Yesterday I actually received a delivery via Royal Mail/GLS. That in itself was a surprise, but it gets better. The package was posted in Liverpool only 5 days ago and most of the journey time was taken up in the UK. The tracking showed none of the normal journey through Germany and Spain, before being left in a warehouse here for a week.

Another change was that delivery was in a plain white van rather than the normal GLS livery and the driver was really pleasant.

I hope that this a sign of better service to come. Has anybody else any recent experience that could back this up.

On this occasion, well done GLS.


----------



## travelling-man (Jun 17, 2011)

JohnBoy said:


> Many on here will recognise the name of the courier company GLS and be aware of the problems of using their service. I wonder if all our complaints have finally brought about a change in the operation.
> 
> Yesterday I actually received a delivery via Royal Mail/GLS. That in itself was a surprise, but it gets better.
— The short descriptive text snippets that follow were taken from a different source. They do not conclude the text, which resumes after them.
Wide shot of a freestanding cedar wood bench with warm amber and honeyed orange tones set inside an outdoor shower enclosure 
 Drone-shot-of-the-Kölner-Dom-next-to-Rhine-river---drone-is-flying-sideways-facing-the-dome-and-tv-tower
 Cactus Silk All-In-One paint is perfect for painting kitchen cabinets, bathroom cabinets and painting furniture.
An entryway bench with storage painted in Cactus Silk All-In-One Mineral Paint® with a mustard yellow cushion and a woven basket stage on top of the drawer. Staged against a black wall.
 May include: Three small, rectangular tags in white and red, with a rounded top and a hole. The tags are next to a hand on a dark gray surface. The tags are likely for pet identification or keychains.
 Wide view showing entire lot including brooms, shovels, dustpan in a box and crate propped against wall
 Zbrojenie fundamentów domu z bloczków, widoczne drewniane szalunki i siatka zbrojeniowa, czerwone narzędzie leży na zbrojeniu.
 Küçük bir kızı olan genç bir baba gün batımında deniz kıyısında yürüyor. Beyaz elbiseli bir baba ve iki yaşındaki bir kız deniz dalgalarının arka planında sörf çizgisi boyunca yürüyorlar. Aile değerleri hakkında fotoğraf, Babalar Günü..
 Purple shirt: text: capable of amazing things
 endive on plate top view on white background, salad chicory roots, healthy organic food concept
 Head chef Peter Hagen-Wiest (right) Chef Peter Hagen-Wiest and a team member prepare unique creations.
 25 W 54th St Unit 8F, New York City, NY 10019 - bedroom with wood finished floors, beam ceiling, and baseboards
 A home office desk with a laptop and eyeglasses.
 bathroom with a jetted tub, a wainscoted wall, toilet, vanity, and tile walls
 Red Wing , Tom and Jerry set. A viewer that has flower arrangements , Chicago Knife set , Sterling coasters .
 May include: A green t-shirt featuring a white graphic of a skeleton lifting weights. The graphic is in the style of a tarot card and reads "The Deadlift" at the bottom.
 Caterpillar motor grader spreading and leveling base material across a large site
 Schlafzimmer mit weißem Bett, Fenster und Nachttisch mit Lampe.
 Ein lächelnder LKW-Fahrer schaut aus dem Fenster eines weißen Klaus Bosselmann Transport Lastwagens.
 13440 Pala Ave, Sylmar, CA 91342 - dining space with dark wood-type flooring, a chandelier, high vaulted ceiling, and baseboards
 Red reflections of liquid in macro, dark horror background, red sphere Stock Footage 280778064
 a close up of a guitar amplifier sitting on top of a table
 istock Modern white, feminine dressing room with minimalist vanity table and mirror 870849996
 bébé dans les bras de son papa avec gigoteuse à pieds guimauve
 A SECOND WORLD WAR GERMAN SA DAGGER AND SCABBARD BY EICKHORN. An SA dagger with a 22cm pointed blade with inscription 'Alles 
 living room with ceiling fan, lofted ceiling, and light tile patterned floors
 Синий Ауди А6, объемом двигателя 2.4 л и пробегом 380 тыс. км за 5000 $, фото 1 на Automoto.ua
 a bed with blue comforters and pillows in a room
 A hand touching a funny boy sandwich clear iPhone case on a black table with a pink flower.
The package was posted in Liverpool only 5 days ago and most of the journey time was taken up in the UK. The tracking showed none of the normal journey through Germany and Spain, before being left in a warehouse here for a week.
> 
> ...


You might be right meu amigo because we've just had a very similar experience including the white van today as well.


----------



## JohnBoy (Oct 25, 2009)

travelling-man said:


> You might be right meu amigo because we've just had a very similar experience including the white van today as well.


That's good to hear TM. Perhaps we've turned the corner at last.


----------



## Maggy Dampier (Jun 12, 2018)

I read recently that the new head of Royal Mail in UK is an extremely well paid German who lives in luxury in Switzerland and will commute to UK. He was the previous boss of GLS in Europe. Does not bode well for Royal Mail.


----------



## siobhanwf (Mar 20, 2009)

White van delivery here too...and pleasant

Mind you I have now added my GPS details to my delivery address


----------



## JohnBoy (Oct 25, 2009)

siobhanwf said:


> White van delivery here too...and pleasant
> 
> Mind you I have now added my GPS details to my delivery address



Brilliant idea Siobhán.  I always include my mobile number but will add the GPS in future.


----------